I have a correction to make to my previous post where I shared the trauma of suffering my latest birthday. When I mentioned that my sister, Dovima, gifted me with a box of See’s dark chocolate, I had not yet opened the box and unbeknownst to me, my x-ray vision was malfunctioning. Yes, I was assuming there was dark chocolate within, and indeed there was dark chocolate within, but the dark chocolate within was See’s Almond Royals, dark chocolate caramels wrapped around large pieces of almond. Why am I compelled to mention this?
This is the dark chocolate equivalent of heroin.
Once I start eating them, I need another fix fast. These buttery sugar bombs are also instant dental death prompting me to invest in a new toothbrush. While walking up Broadway to do toothbrush shopping, I noticed the hanging sneakers.
Last month I published posts about tree bagging – shopping bags that somehow wind up tangled in the branches of a tree on my block. Trash in trees is not symbolic of much other than The Big Apple has so much garbage, it can even be found in the trees.
Shoe tossing is an altogether other kind of statement. Since I’m such a brilliant researcher and I know that the vast majority of you, my nine subscribers, visit this site purely for its vast educational component, I Googled “shoe tossing”. My results led me straight to Wikipedia.

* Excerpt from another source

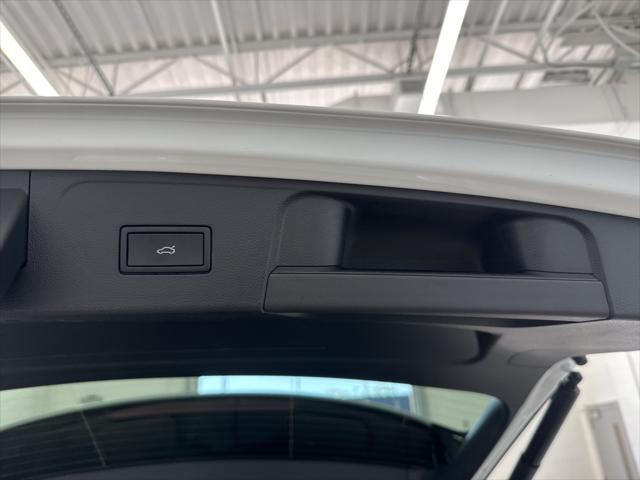 new 2025 Volkswagen Atlas car, priced at $49,501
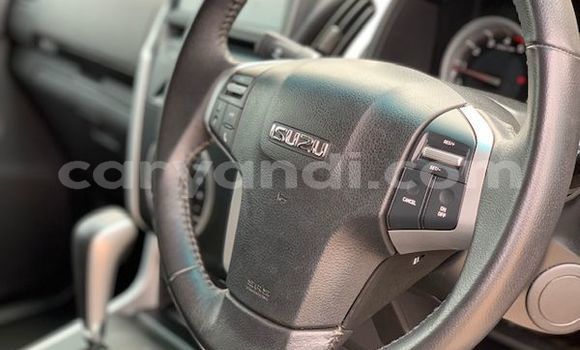 Buy Used Isuzu D–MAX White Car in Lusaka in Zambia Buy Used Isuzu D–MAX White Car in Lusaka in Zambia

Apparently shoe tossing is also known as shoe flinging or shoefiti. It can mean many things including the end of the school year, an upcoming marriage, a practical joke played on someone plastered, someone moving onto bigger and better things, a bullying tactic, an ad that crack and cocaine are sold here (the sneakers can be referred to as “Crack Tennies”), a sign of gang turf, a commemoration of a gang-related murder, etc.
My favorite explanation on Wikipedia is this one:
“Of course, only each individual shoe-thrower knows why his/her pair of shoes now hangs from a wire.”
Manhattan’s Upper West Side can be so banal; one of my long ago acquaintances referred to my ‘hood as being:
Long Ago Acquaintance: “As dull as Encino.”
Therefore those shoes hanging over that lamppost could simply mean that some chocolate smeared weasel just purchased a new toothbrush.
For the record, my sneaker of choice is the Jack Purcell badminton shoe – and I would never wear anything as hideous as those gunboats hanging from that lamppost.